**THE TASK**
Could the records below be restated word for word, without a single picture?

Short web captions

========================================================================

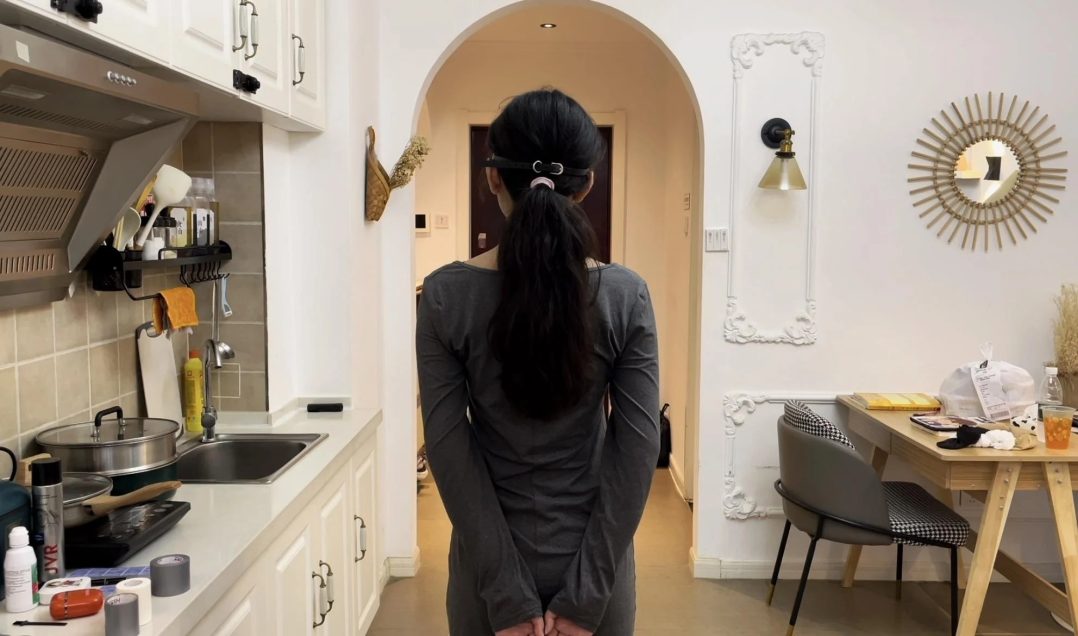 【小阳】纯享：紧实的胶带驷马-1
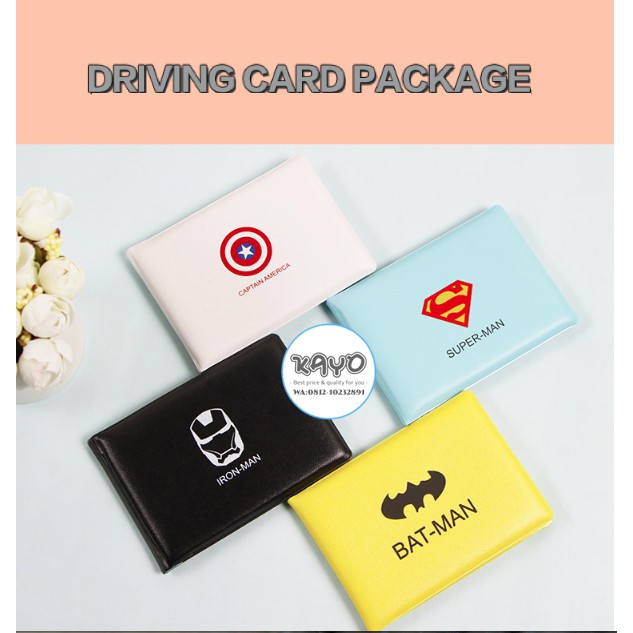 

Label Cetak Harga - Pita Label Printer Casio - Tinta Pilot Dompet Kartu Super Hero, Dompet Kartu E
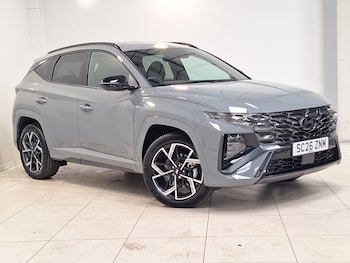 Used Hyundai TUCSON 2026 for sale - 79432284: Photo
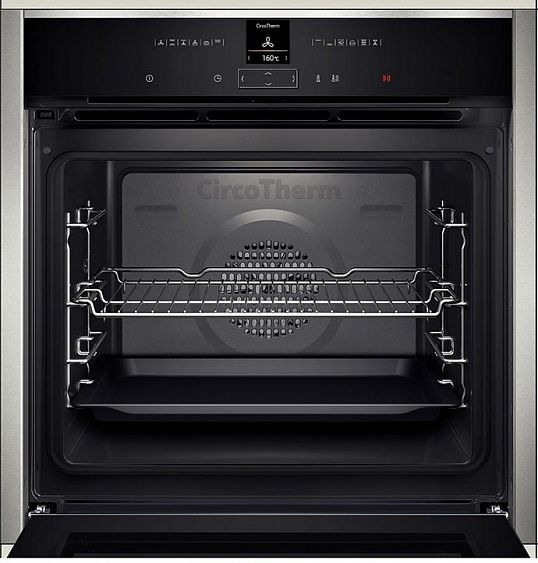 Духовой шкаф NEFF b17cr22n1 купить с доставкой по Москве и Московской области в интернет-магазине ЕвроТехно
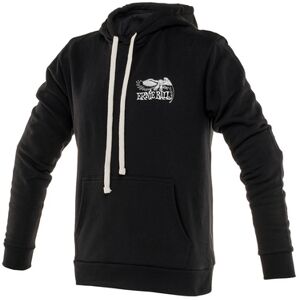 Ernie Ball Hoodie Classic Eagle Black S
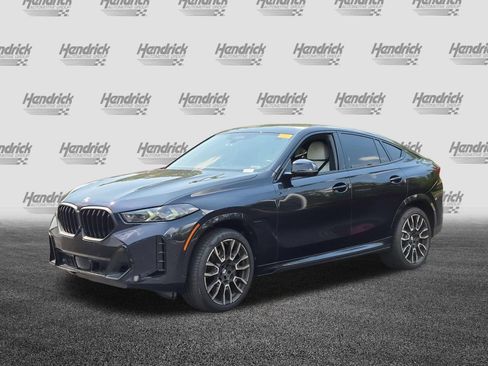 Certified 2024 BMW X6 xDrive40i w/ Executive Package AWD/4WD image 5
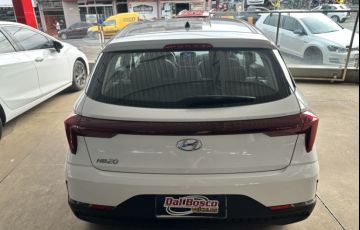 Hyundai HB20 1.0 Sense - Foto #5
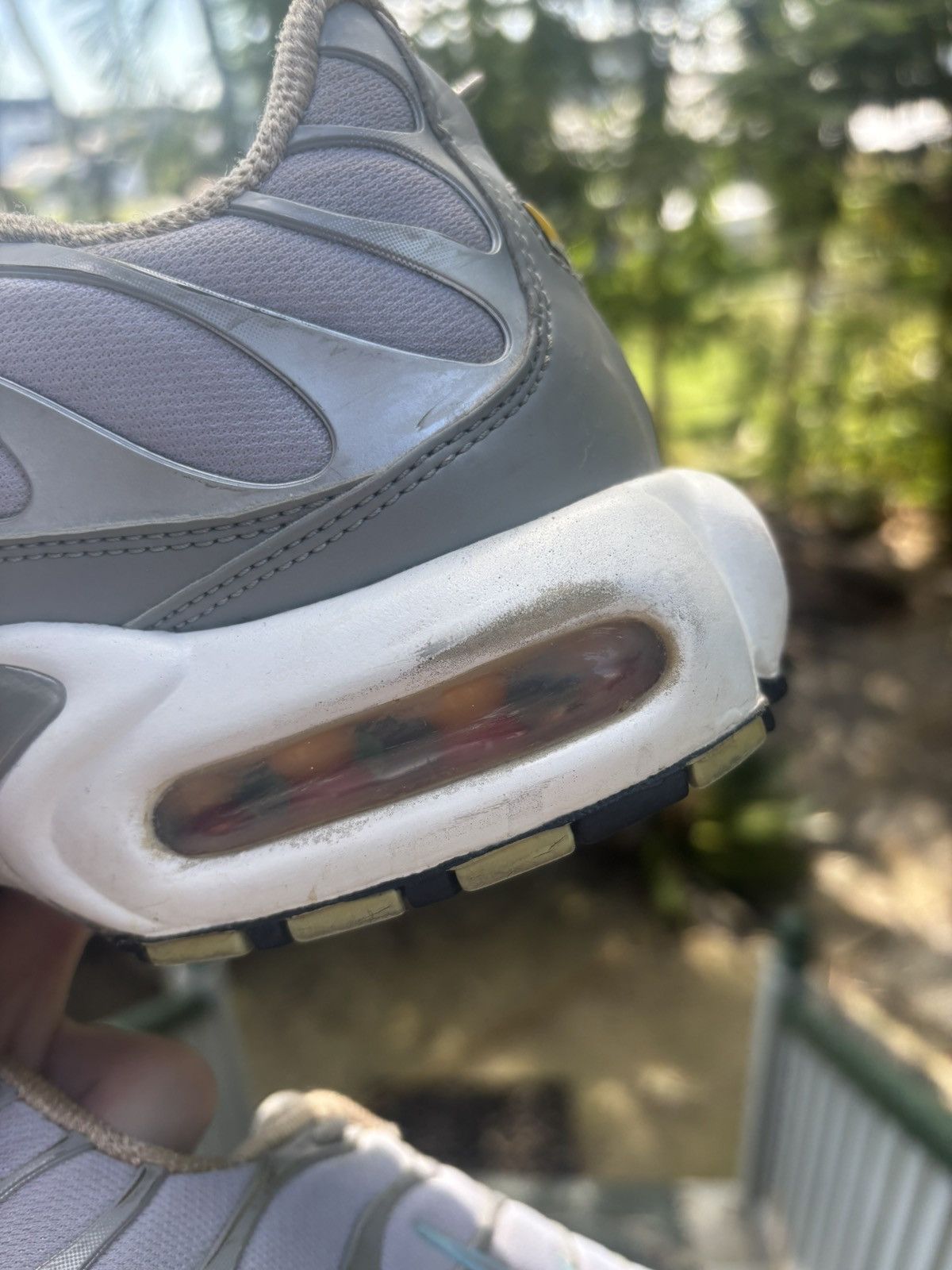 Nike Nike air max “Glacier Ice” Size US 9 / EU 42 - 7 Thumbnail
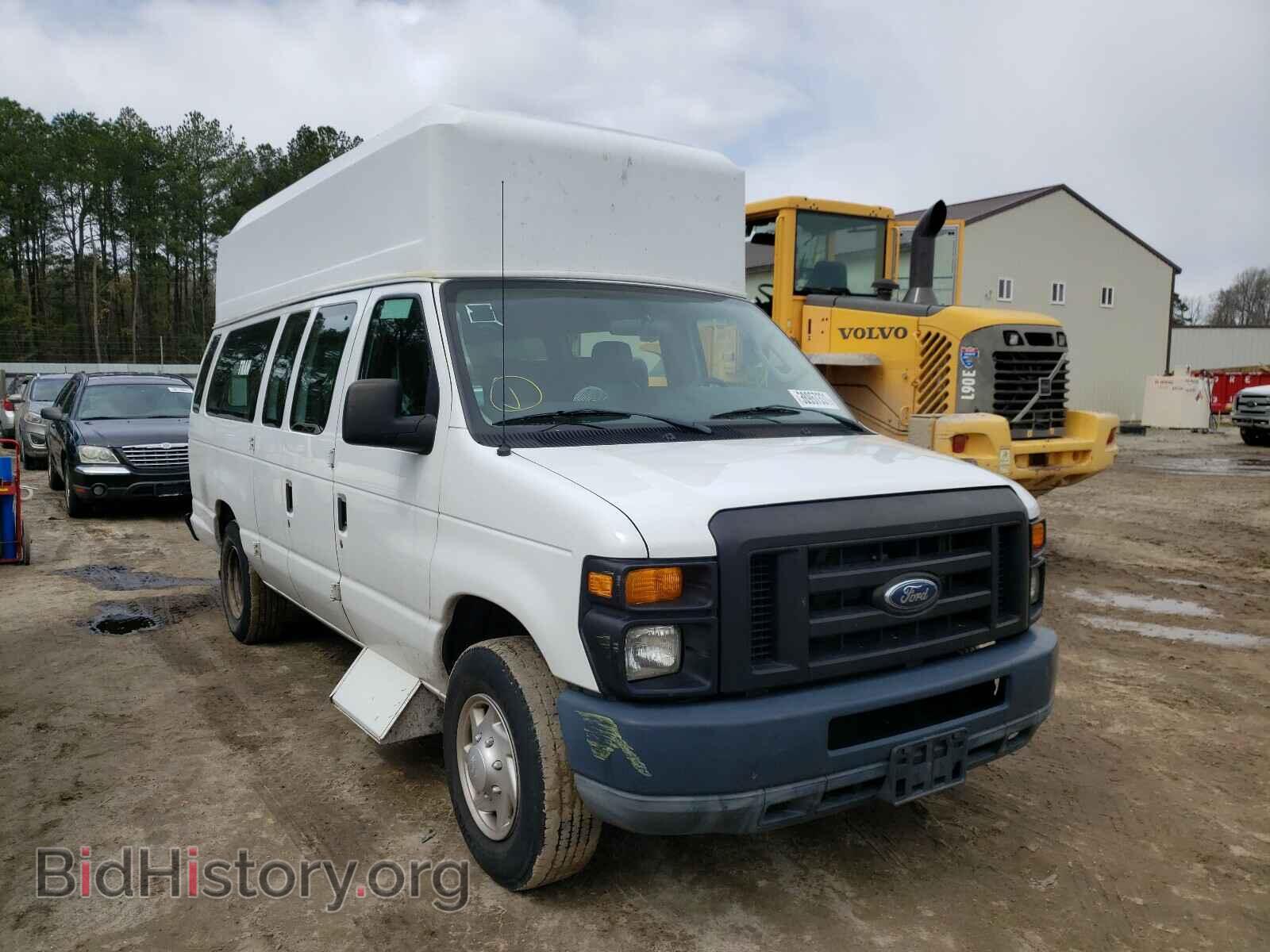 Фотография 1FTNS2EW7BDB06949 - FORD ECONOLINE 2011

========================================================================

**WRITTEN RESPONSE**
 【小阳】纯享：紧实的胶带驷马-1

Label Cetak Harga - Pita Label Printer Casio - Tinta Pilot Dompet Kartu Super Hero, Dompet Kartu E
 Used Hyundai TUCSON 2026 for sale - 79432284: Photo
 Духовой шкаф NEFF b17cr22n1 купить с доставкой по Москве и Московской области в интернет-магазине ЕвроТехно
 Ernie Ball Hoodie Classic Eagle Black S
 Certified 2024 BMW X6 xDrive40i w/ Executive Package AWD/4WD image 5
 Hyundai HB20 1.0 Sense - Foto #5
 Nike Nike air max “Glacier Ice” Size US 9 / EU 42 - 7 Thumbnail
 Фотография 1FTNS2EW7BDB06949 - FORD ECONOLINE 2011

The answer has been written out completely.